• **Required action**: Take the material below and output exactly the run of lines from the one containing "2022 Lincoln Nautilus Reserve AWD's photo" down to the one containing "304 Gooseneck Bar Sink Mixer", with both included.

• **Stored data**:
+++

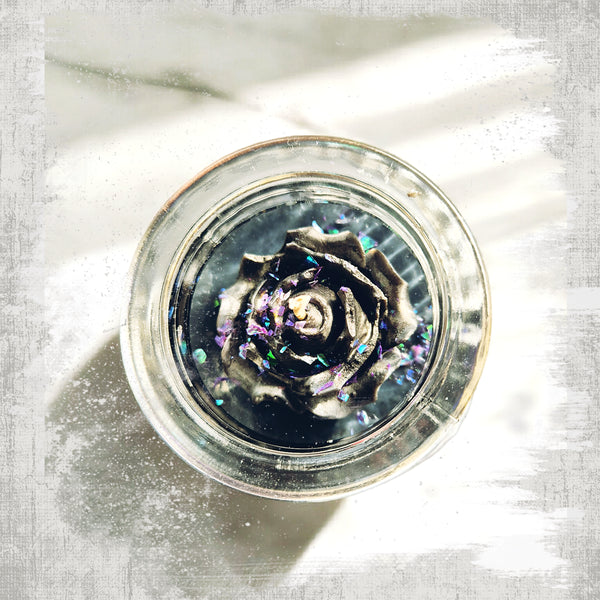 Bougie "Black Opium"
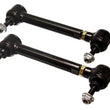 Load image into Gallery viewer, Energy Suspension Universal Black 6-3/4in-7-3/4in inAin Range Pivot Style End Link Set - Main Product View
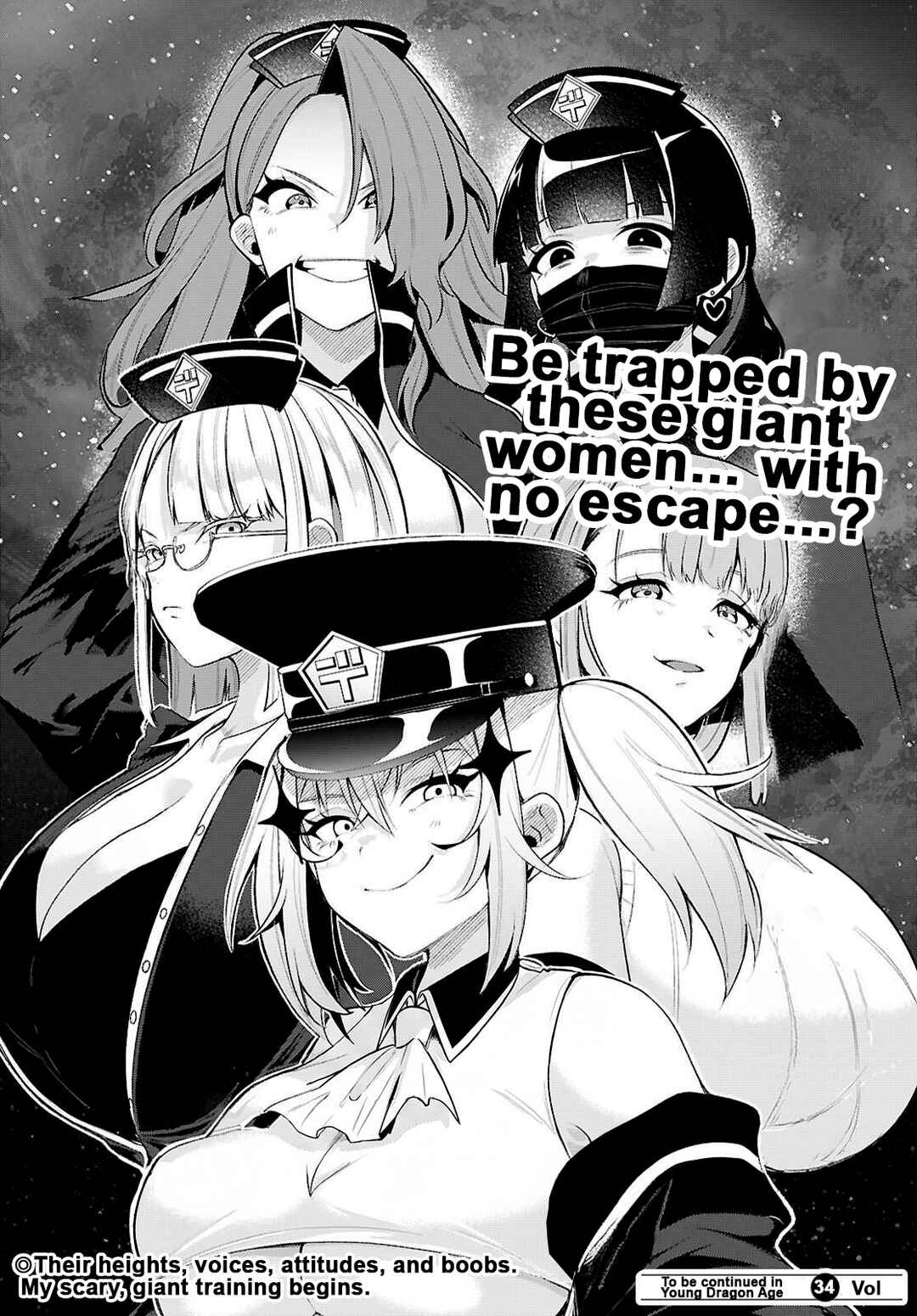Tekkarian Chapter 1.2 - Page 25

+++

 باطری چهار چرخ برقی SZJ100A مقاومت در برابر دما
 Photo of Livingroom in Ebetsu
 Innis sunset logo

+++

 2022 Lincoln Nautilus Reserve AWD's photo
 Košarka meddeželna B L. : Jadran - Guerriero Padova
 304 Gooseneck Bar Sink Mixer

+++

• **Result below**:
 2022 Lincoln Nautilus Reserve AWD's photo
 Košarka meddeželna B L. : Jadran - Guerriero Padova
 304 Gooseneck Bar Sink Mixer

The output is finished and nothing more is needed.